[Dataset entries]
- Opening Delimiter -
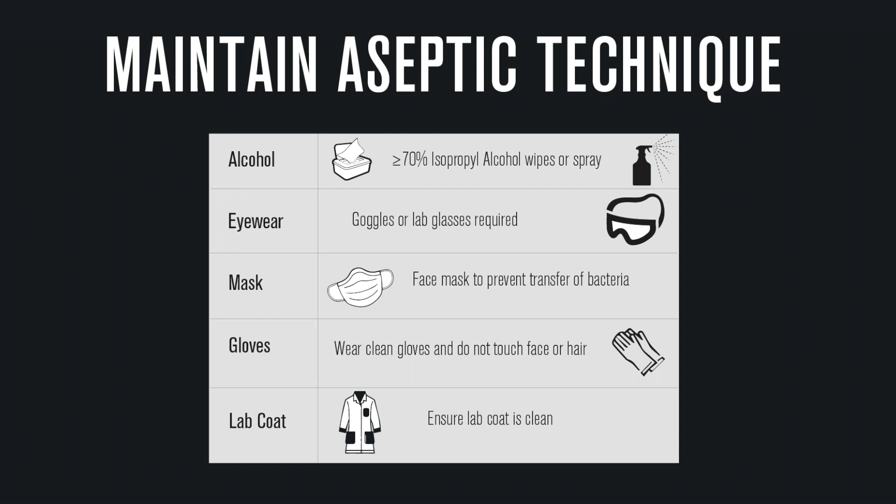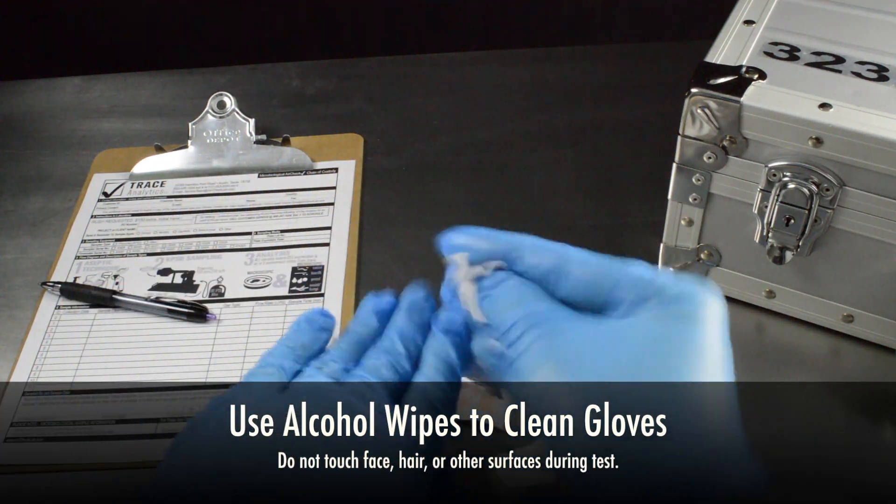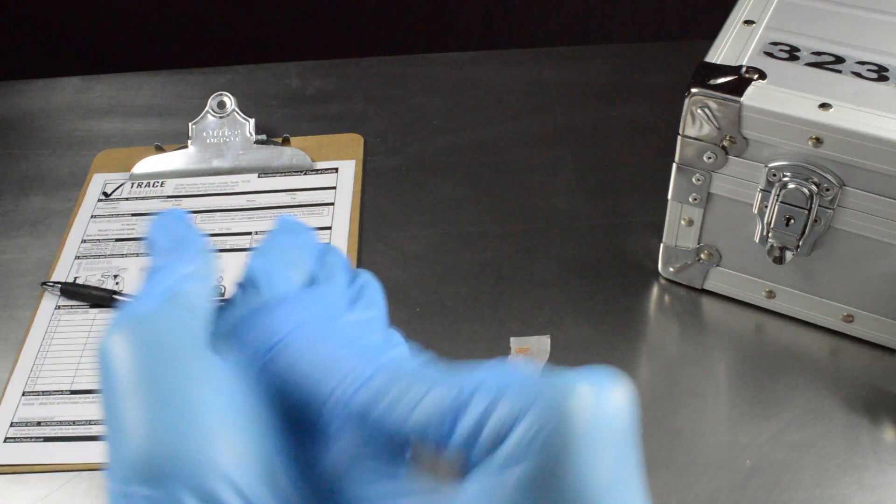Keep in mind that once your gloves are on, you will need to refrain from touching your face or other surfaces not pertaining to the sampling equipment. It is important to stay focused on maintaining aseptic technique throughout the duration of your test. If you do touch another surface with your gloves, make sure that you replace them or use alcohol wipes to prevent contamination.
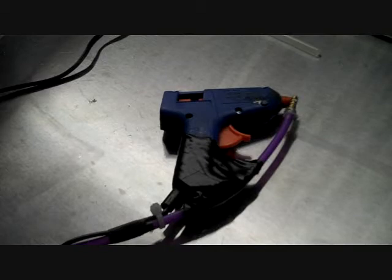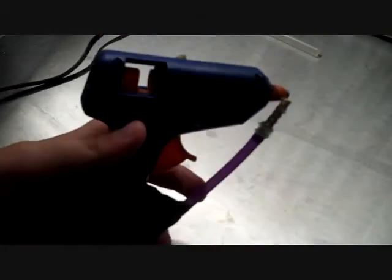Hi everybody, this is Pao de Poe, and today I'm going to show you how to make a homemade Cobwebber gun.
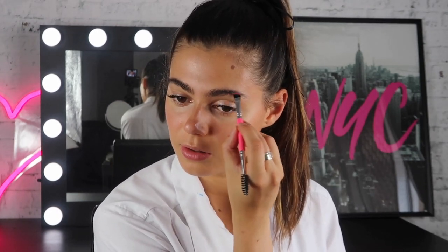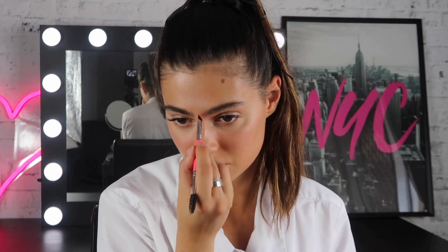Now for brows, I'm going to keep it quite natural, so I've decided to use the Master Brow Pro Palette. This is a powder — I just find powders are a little bit more natural sometimes. I'm just going to brush the brows up. Not going to do too much, because I'm not really wearing any other makeup, so it would just look weird to have really hectic brows. I'm going to start under here and just push a bit of the product through, and then a little bit in the tail.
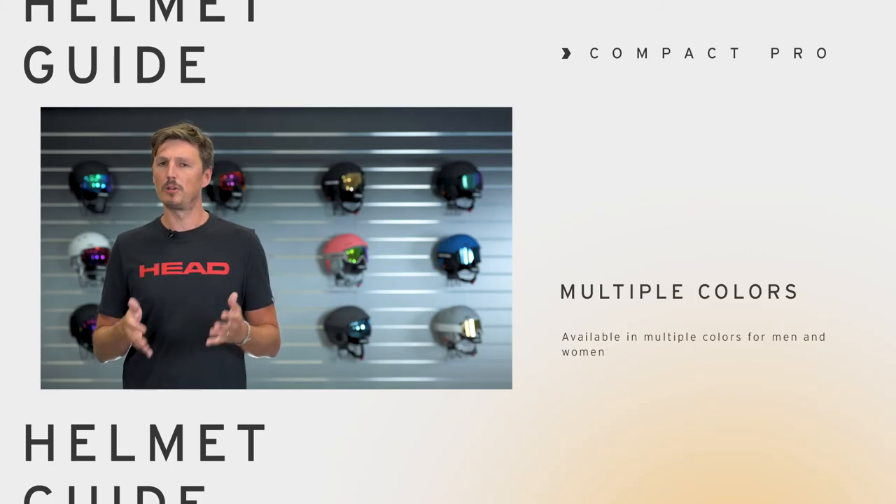Several color options are available to match your individual style. So if you're looking for a super lightweight, great looking and modern all-mountain helmet, then go visit your local HAT retailer or check out more information about the Compact Pro at HAT.com. Thank you for watching.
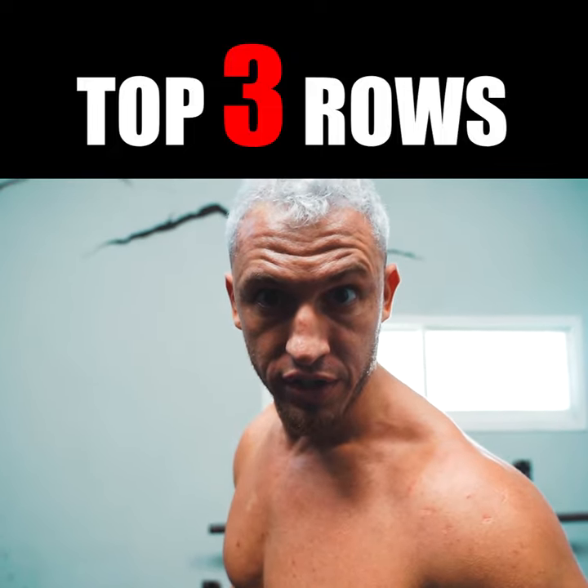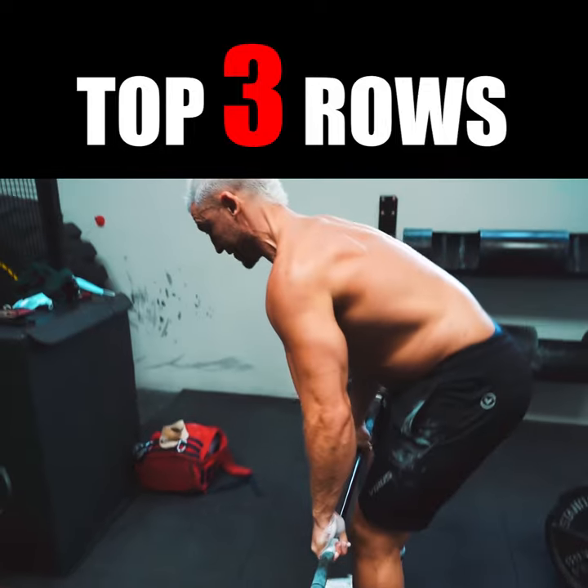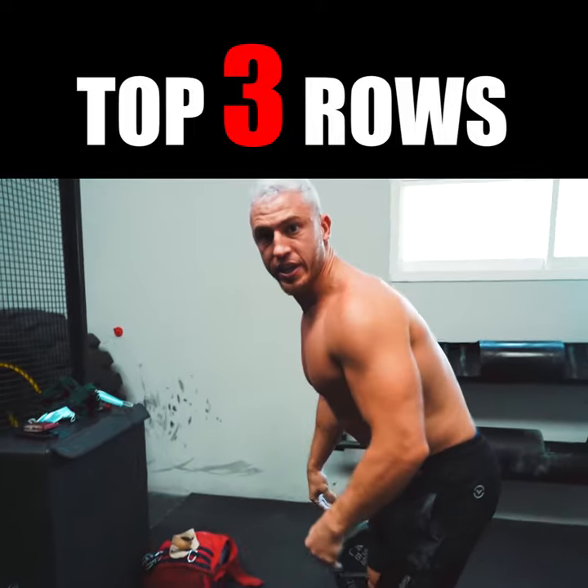Top three rowing variations. Number one, the barbell bent over row. Use your whole body, just like so.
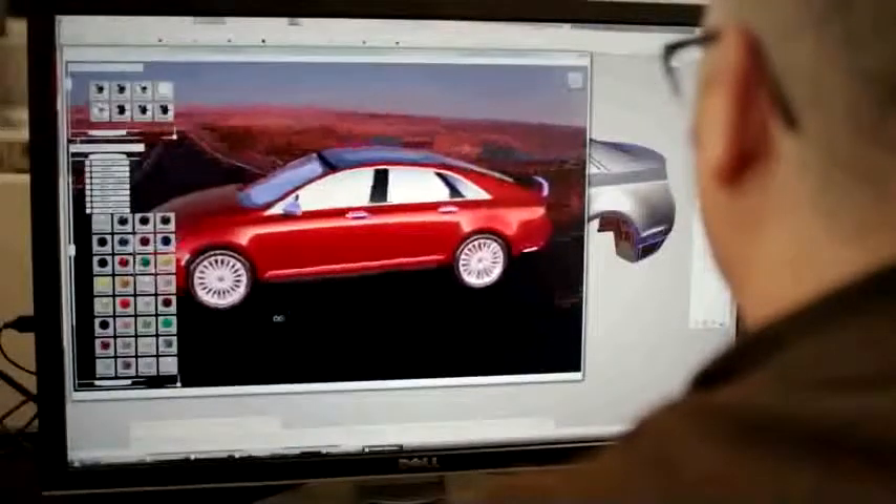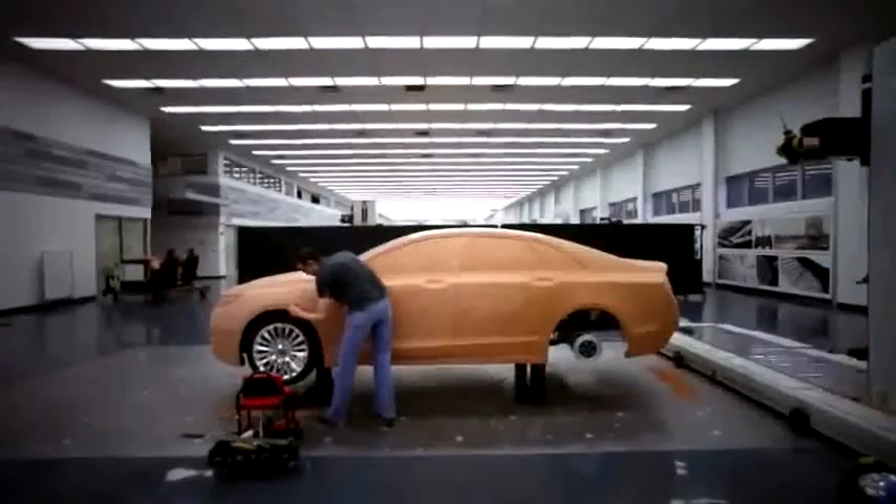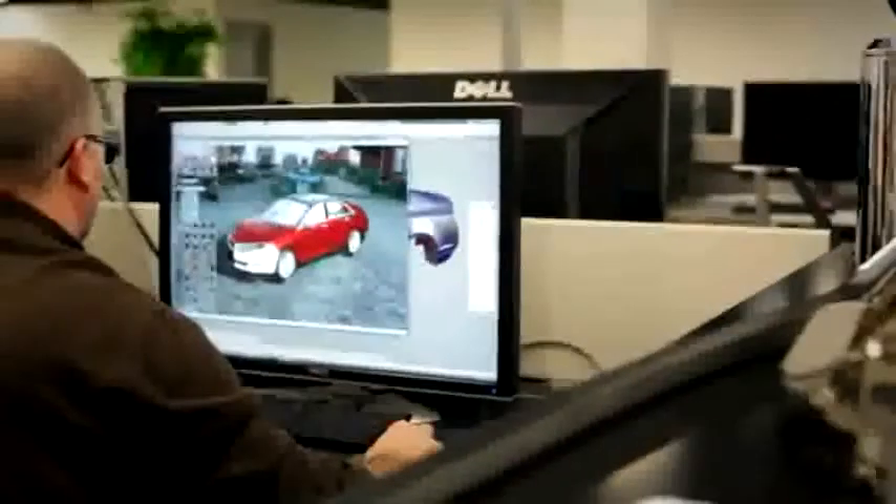The process for making a good model generally starts with the sculptors sculpting something, and then they scan it and we bring in a polygon mesh of all the little points that the camera took.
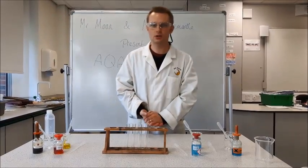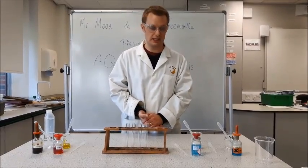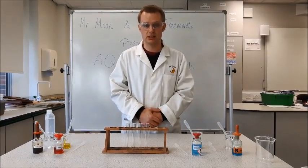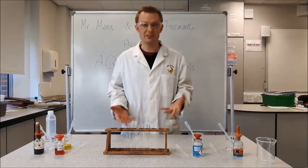Hello and welcome to this video on the biology required practical for food tests. I'm going to start by showing you the positive results for each test with some known solutions where it will definitely work.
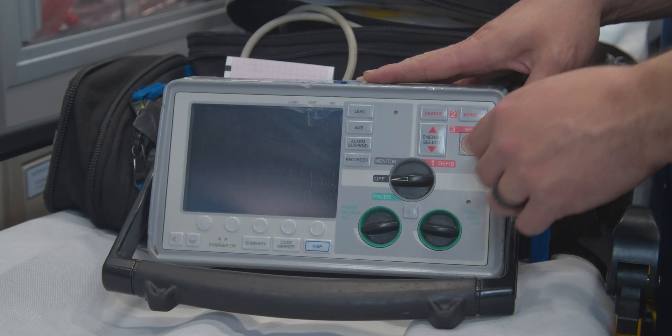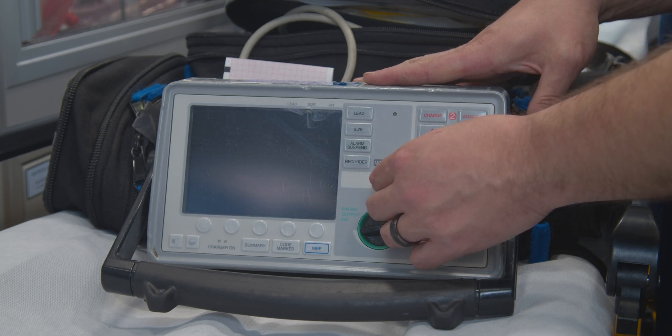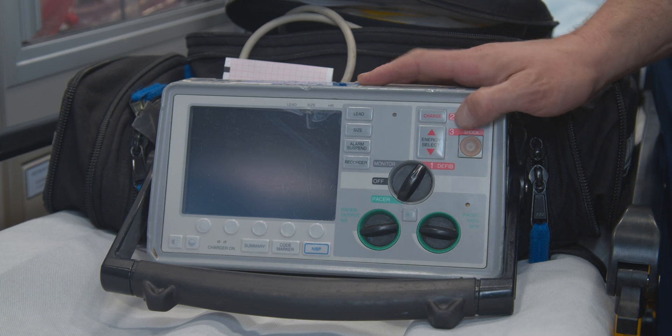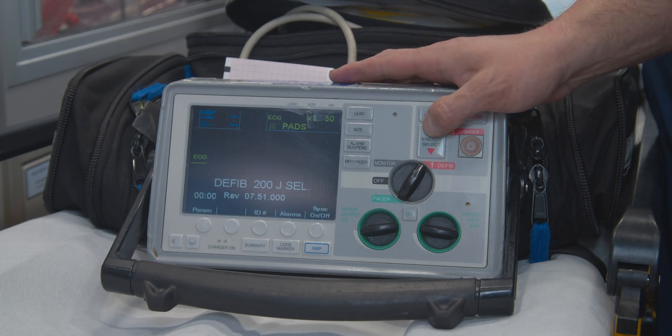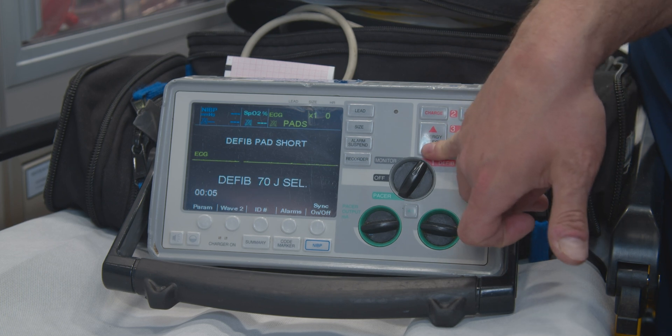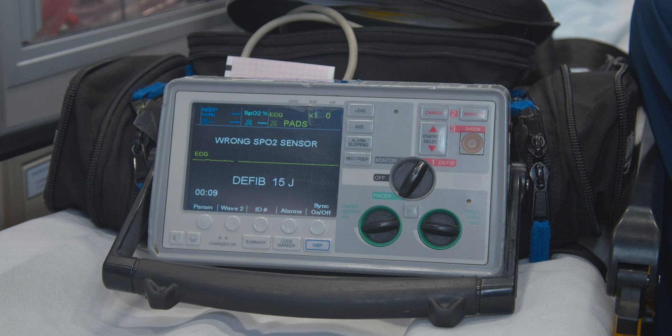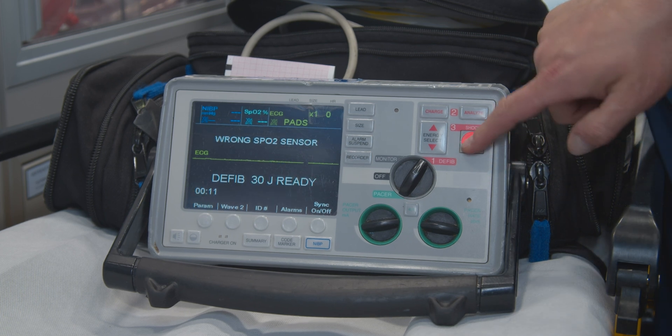Going through some of the functions and doing the defib test at the beginning of your shift — click the defib. It starts off at defib 200 joules. I'm going to drop it down to the 30 joules that we do our tests at. Charge. Shot.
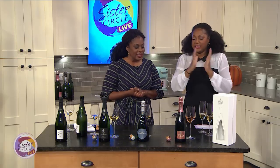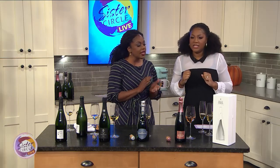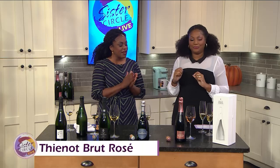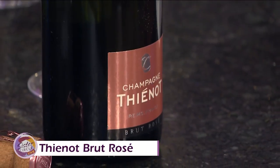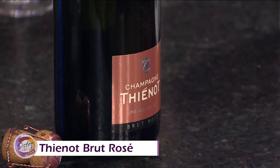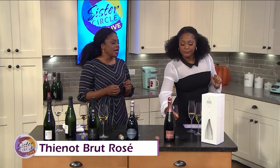Last but not least, the rosés — this is the Chienot Rosé. Champagne is a blend of Chardonnay, Pinot Noir, and Pinot Meunier. This is a really rich champagne, and it's really good with smoked salmon. It's gorgeous.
- Closing Delimiter -
ASSIGNED TASK: Go to the line above that has "Top three rowing" and copy exactly from there down to the line that has "Hello and welcome", both included. Leave the pictures out.

EXPECTED ANSWER:
Top three rowing variations. Number one, the barbell bent over row. Use your whole body, just like so.
The process for making a good model generally starts with the sculptors sculpting something, and then they scan it and we bring in a polygon mesh of all the little points that the camera took.
Hello and welcome to this video on the biology required practical for food tests. I'm going to start by showing you the positive results for each test with some known solutions where it will definitely work.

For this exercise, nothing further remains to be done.